国別ではインド163人、ナイジェア150人、パキスタン142人など9カ国で100人以上の犠牲者を出している。9カ国の中に先進国ではカナダ、フランスおよび英国の3カ国が入っている*1。
今やPKOに参加する場合には犠牲を覚悟しなければならないのが実態である。ラフダール・ブラヒミ元国連事務総長特別代表は「人々を守るためにPKOは存在している。戦闘が多発する中、各国には犠牲を覚悟してもらわなければならない」と言明している*2。
ところが、我が国では、「戦闘」という言葉が書かれた南スーダン派遣施設部隊日々報告(通称「日報」という)を巡って国会を巻き込む上を下への大騒ぎである。
国際社会と日本で著しい認識の差
我が国政府の認識では犠牲を伴わないPKO活動を前提にしているように思われる。このように国際社会と我が国のPKOに対する認識の差は非常に大きい。
PKOは、安全保障理事会(以下、安保理という)で決議されるマンデート*3(派遣団の目的や任務を規定)に基づき派遣される。
近年、軽装備のPKOのマンデートに文民保護(地元住民、国連職員、NPO職員など)の任務が加えられるようになってきた。その結果、PKO要員の安全確保など様々な問題が生じることとなった。
直近の事例では、派遣の途中でマンデートが変更され、任務に文民保護が加わった国際連合南スーダン派遣団(UNMISS)における軍司令官の更迭がある。
新聞報道によると、2016年7月に生起した南スーダン首都ジュバ市内での戦闘に際し、UNMISS司令部近傍において戦闘が発生し国連関連機関が襲撃されたため、国連関連機関がUNMISSに対して警護を要請したが、UNMISSは、対応能力がないとして要請を却下した。
このため、市民などの虐殺を阻止できず、7月の3日間で保護施設にいた20人以上の避難民を含め、少なくとも73人が死亡したと言われる。国連事務局は、UNMISSの対応が不十分であったとしてUNMISSの軍司令官を務めるケニア軍中将を更迭した。
しかし、ケニア政府は、そもそも国連がUNMISSへ必要な人員と装備を割当てなかった責任を転嫁したものだ、として強く反発しケニア部隊を撤退させてしまった。

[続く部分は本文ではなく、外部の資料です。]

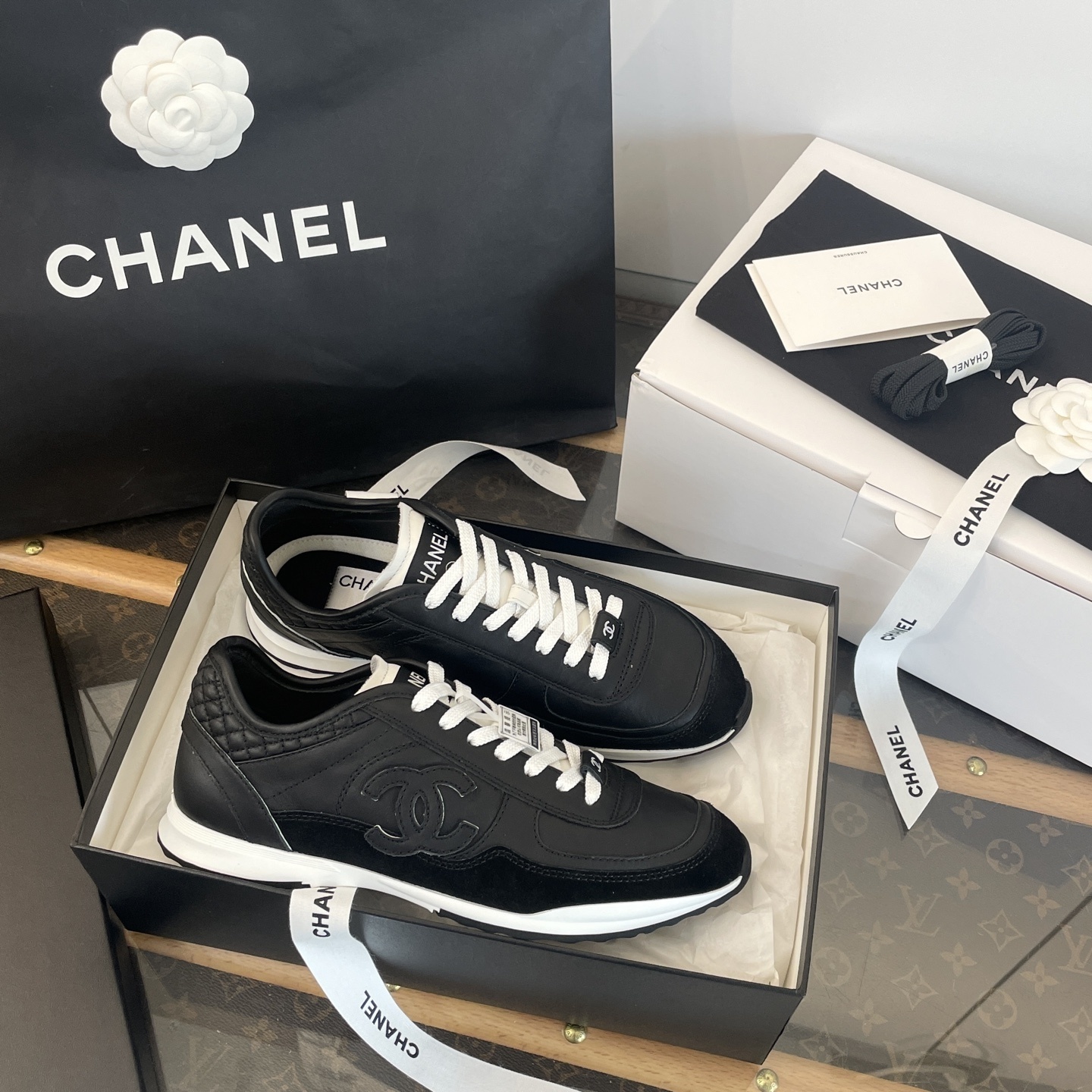 A pair of black Chanel leather sneakers with white laces displayed in original luxury packaging including a box and shopping bag. - Hình 4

この事例の問題点は2つある。1つは、住民が戦闘に巻き込まれたり、攻撃の対象になったりしている紛争地域に派遣されている軽装備のPKOに対して文民保護の任務が付与されたことである。これまでは、受入れ国政府が実施する文民保護を支援することがPKOの任務であった。
もう1つは、文民保護の任務を与えられながら、軍司令官に任務遂行に必要な戦力(兵力・装備)が与えられていないことである。
*1=国連HP「Fatalities」http://www.un.org/en/peacekeeping/fatalities/documents/stats_1jun.pdf
*2=NHKスペシャル「変貌するPKO現場からの報告」2017年5月28日放映
*3=マンデート(Mandate)は、一般に職務権限や使命、任務などと訳されるが、安保理決議においては派遣団の派遣目的や任務を規定している。従って、適訳がないため本稿ではカタカナ表記としている。